Whitby town photographs (part three)
Whitby Abbey, town views and the 199 steps.
(Photos © urban75, July 2010)
To get to the Abbey, you can climb the 199 steps to the summit or to use an adjacent footpath called 'Caedmon's Trod.'
There's some amazing views to be had as you climb up to the top, assuming you don't collapse from a surfeit of pies and ale on the way up.
Looking across the harbour at dusk.
The graveyard of St Mary's Church.
The picture may look quite ordinary, but it took some major faffing about with manual controls on my Lumix LX3 camera to get both the stones and the sky exposed. It's an *ace* camera.
Watching the sunset.
St Mary's Church graveyard with Whitby Abbey in the distance.
The twin piers at sunset.
Memorial to Cædmon, St Mary's Churchyard, Whitby.
The inscription reads, 'To the glory of God and in memory of Cædmon the father of English Sacred Song. Fell asleep hard by, 680.'
I'm not sure what falling asleep 'hard' means. Perhaps he had a few ciders too many and banged his head going to bed?
An absolutely stunning sunset greeted us when we walked back into the town.
The sky was blood red and perhaps a little ominous. We're dooooomed!

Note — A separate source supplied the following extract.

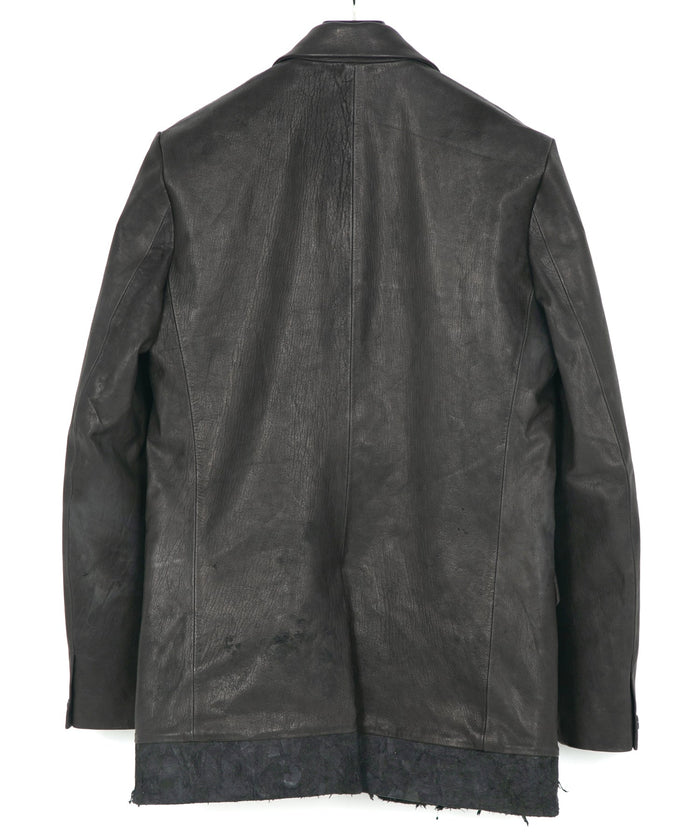 黒染め 蝦夷鹿 白鞣し BONO ジャケット - BLACK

Walking along one of Whitby's many narrow (and steep) passageways.
Bloke enjoying a cup of tea outside Whitby Market Hall, where there's a small farmers' market.
Craft sale inside the Wesley Hall. There was a till in the pulpit!
Looking out to Whitby.
Banqueting House, a former dwelling of Lord Cholmley (built 1669-72), now houses a visitor centre.
Perched on the eastern headland overlooking River Esk and the sea is St. Mary's Church and the famous ruins of Whitby Abbey.
The Abbey was founded in 657 AD by the Anglo-Saxon era King of Northumbria, Oswy (Oswiu) as Streoneshalh (as Whitby was once known). Ol' Oswy appointed Lady Hilda, abbess of Hartlepool Abbey and niece of Edwin the first Christian king of Northumbria, as founding Abbess.
The abbey fell to Viking attack in 867,and remained abandoned until William de Percy rocked into town in 1078 and ordered that the abbey be refounded by Regenfrith (Reinferd) a soldier monk, with the new structure dedicated to St. Peter and St. Hilda.
According to Wikipedia, it was then called Presteby (meaning the habitation of Priests in Old Norse) then Hwytby; next Whiteby, (meaning the 'white settlement' in Old Norse, probably from the colour of the houses) and finally Whitby.
The second monastery lasted until it was Henry VIII smashed it up in 1540 during the Dissolution of the Monasteries, with the abbey buildings falling into ruins and stones scavenged over the centuries.
The ruins are now owned and maintained by English Heritage.
Old houses at the foot of the Abbey steps.
Top notch cake!
Weird thing outside a chip shop.
The steam powered bus!
The gang at Whitby platform, waiting for the train back.